Федя состроил столь кислую мину, будто клюкву разжевал, согнул указательный палец эдаким мерзким крючком, сунул мне его под нос и отвечает ядовитым тоном, каждый слог чеканя: Лесников! Запомни! У женщин происходит параллельный процесс, и ты с твоей пошлой гетеросексуальностью рискуешь остаться за бортом!!!!
И крючком своим у меня перед носом: шик-пшик-шик! Сам же смотрит победно. А я варежку разинул, да так и замолк, не знал, что ответить. Только уж часа через два, когда с Федей распрощался и поехал домой, то в вагоне метро мысленно так над ним поиздевался, прямо в лужу посадил. А главное – настолько остроумно, что стою, помнится, и хохочу, как это я ловко его отбрил с параллельным процессом-то…
Ладно, Шурик, давай сменим тему, чувствую, весьма она тебе неприятна. Пишу только потому, что ты сам у меня спросил про (тебя же цитирую) "опыт общения с подобными людьми". Вот я его и сообщил.
Всё. Меняем пластинку. Тем более, что никакого другого опыта у меня нет и быть не может…
Только что взглянул на часы, а там как раз по нулям: 00-00 мин.
Но радиостанция "Москва 101", которой я сейчас внимаю, (в наушниках, естественно, – не зверь же я, чтобы всю общественность будить) гимн в 24-00 слушателям не выдаёт. Станция сия, по-видимому, контролируется братвой, ибо ровно в полночь, запиликала гармошка, и раздался разухабистый шансон про одесский огонек и про некого господина в котелке, который после отсидки в состоянии легкого опьянения вышел на одесский перрон.

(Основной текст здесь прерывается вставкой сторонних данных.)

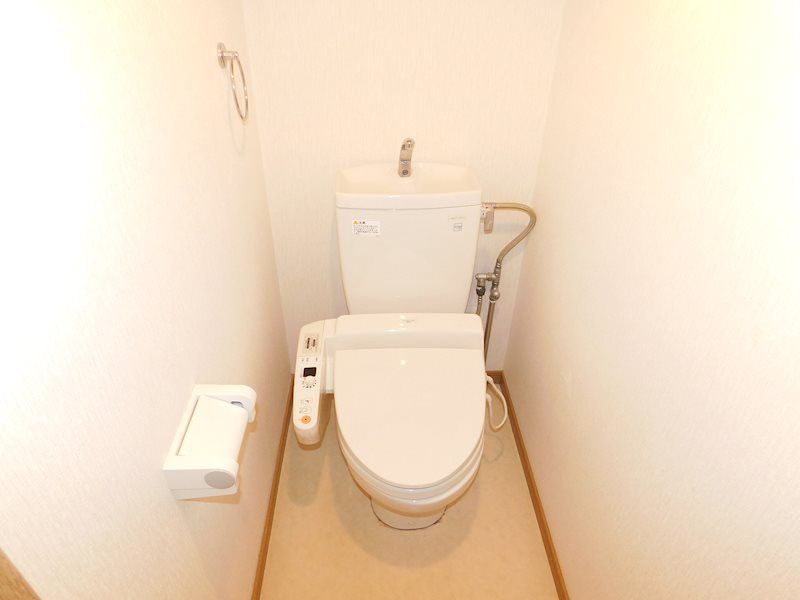 トイレ　同タイプのお部屋の写真です。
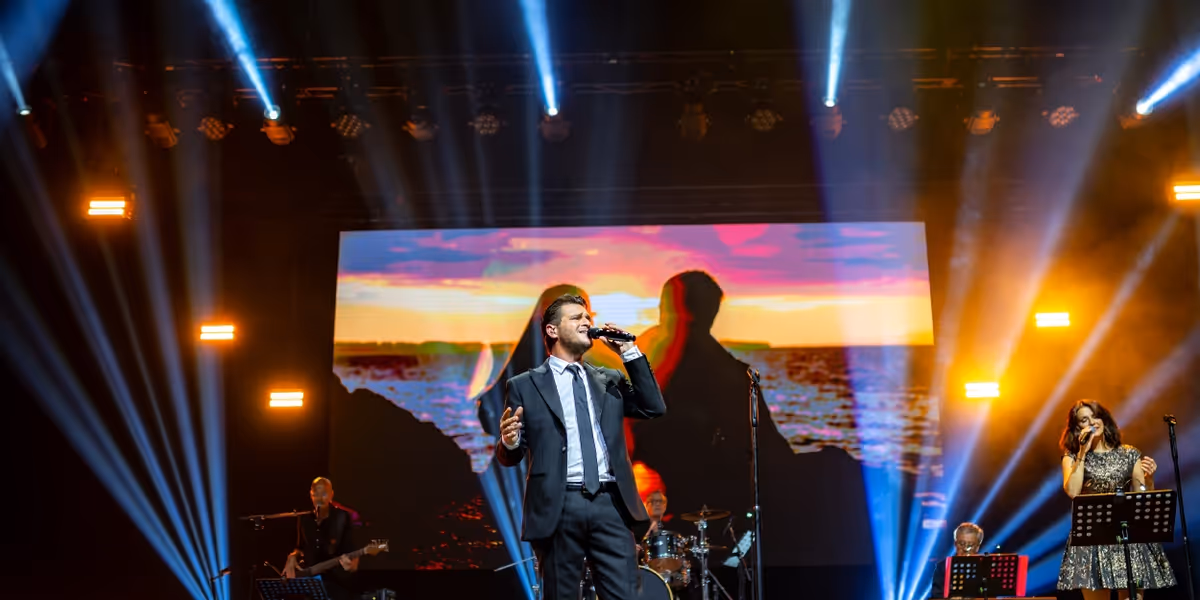 JULIEN DASSIN SINGS JOE DASSIN Comes to Quebec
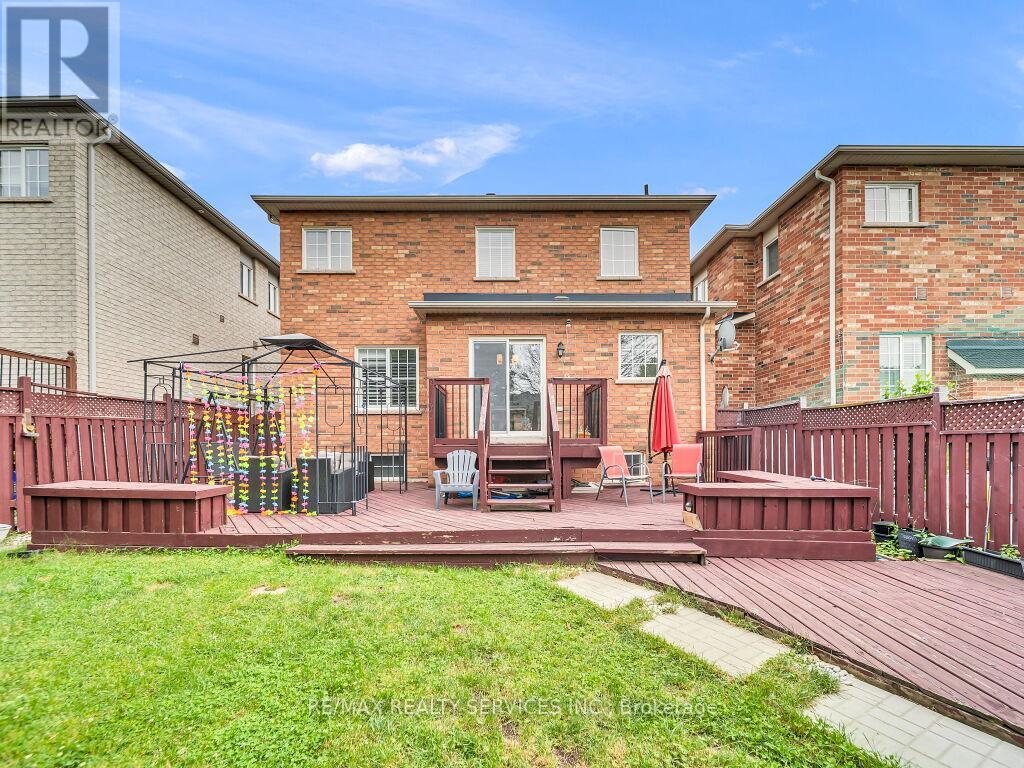 122 DELLS CRESCENT - 44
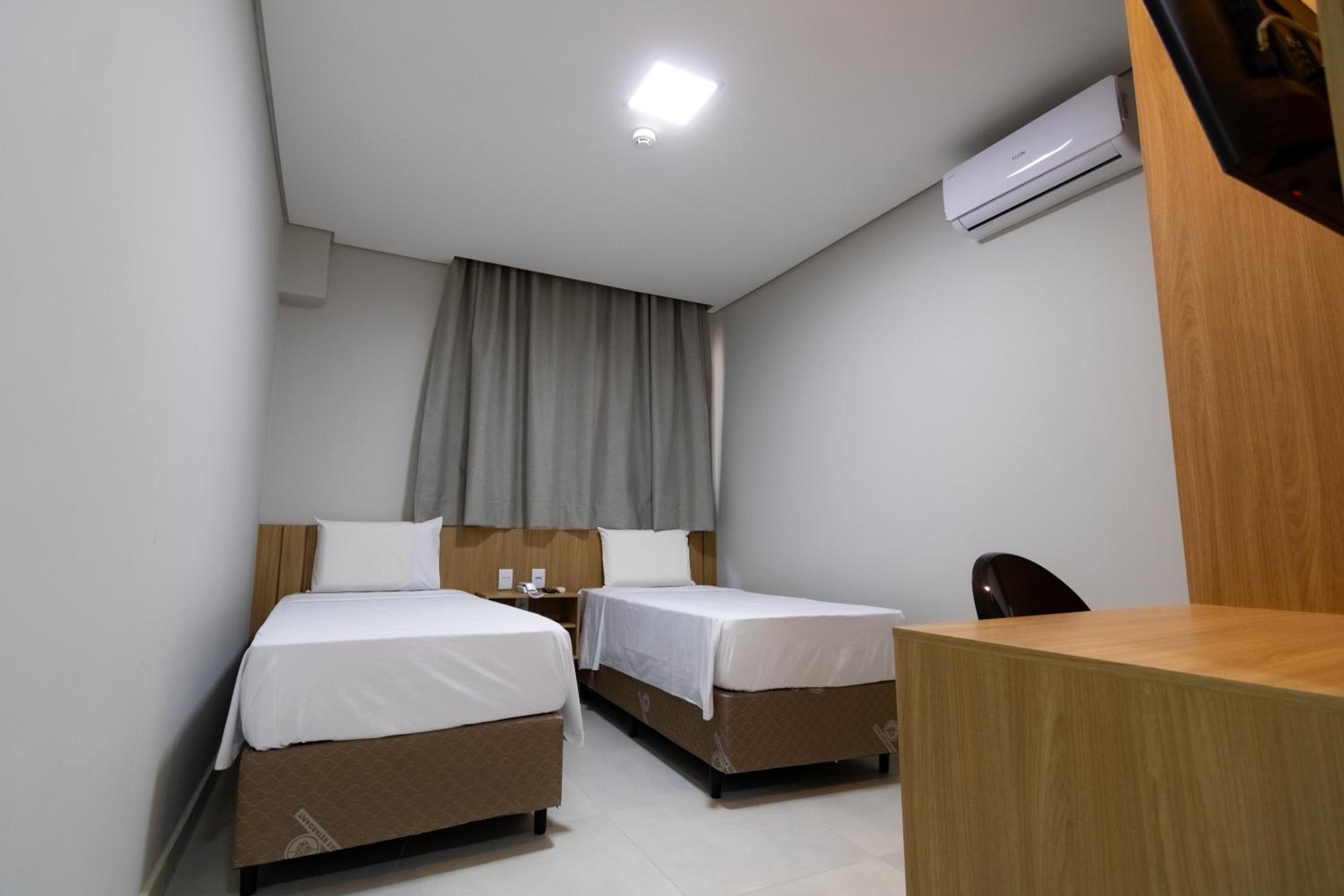 Large Twin Room - Photo 4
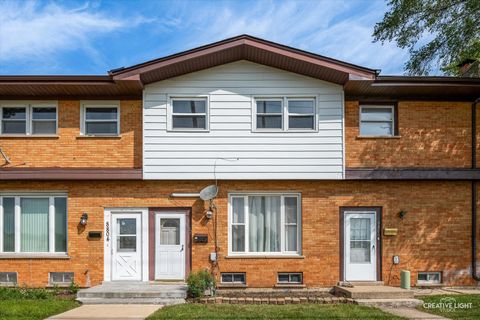 Photo of 8802 N Prospect Street, Niles, IL 60714 (MLS # 12530539)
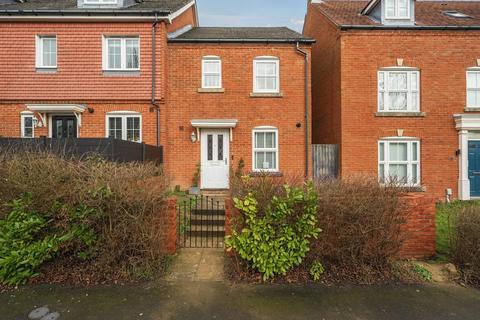 3 bedroom terraced house for sale, Violet Way, Kingsnorth, Ashford TN23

Впрочем, это еще не апогей гимнюшного беспредела. В первую ночь нового тысячелетия, ровно в 24-00 по Московскому времени, когда вся
Россия поднялась в едином порыве с бокалом Советского шампанского под величественную музыку Александрова, мы здесь оказались заложниками жалких фигляров из радиостанции "Эхо Москвы". Дело в том, что в эту новостолетнюю ночь серверы практически всех российских радиостанций в интернете были перегружены и постоянно западали. Мгновенье поиграют и – тишина на пару минут.
Оно и понятно: вся русская диаспора земного шара сразу к ним подключилась, чтобы выпить под куранты и постоять под старо-новый гимн. Мы же здесь не Рыбаковы, которые под оный гимн демонстративно не встают, ибо совсем недавно под него 15 лет сидели. Не знаю, как у других, а у меня под новый-старый гимн встаёт. Проверено. Встаёт, поскольку я жизнью своей другого гимна просто-напросто не заслужил.
Да и на какой гимн может иметь право бывший старший контрольный редактор Издательства АПН? На "Боже Царя Храни"? Как бы ни так! Для этого надо было посидеть вместе с Рыбаковым, а не редактировать во времена его отсидок бессмертные творения Леонида Ильича и прочие партийные документы в переводе на португальский язык.
В общем, "Эхо Москвы" почему-то оказалась единственной радиостанцией, которая в этот торжественный момент не западала и работала бесперебойно, так что я вынужден был на ней остановиться. И вот ровно в московскую полночь, сиречь в 16-00 по
Восточно-американскому времени раздалась величественная, но совершенно незнакомая мелодия с торжественными, но совершенно непонятно откуда взявшимися словами. А мы все, 8 персон, стоим, как мудаки, с бокалами немецкого игристого по 10 канадских долларов бутылка и не въезжаем..
Стоим в полном обалдении и никак не можем догнать, подо что это мы чисто конкретно стоим? Но когда музыка отыграла, диктор разъяснил базар. "Вы, – говорит, – только что прослушали гимн, написанный
Аллой Борисовной Пугачевой на слова Ильи Резника. Это был наш новогодний прикол!" Представь себе то состояние стресса, в котором мы все оказались!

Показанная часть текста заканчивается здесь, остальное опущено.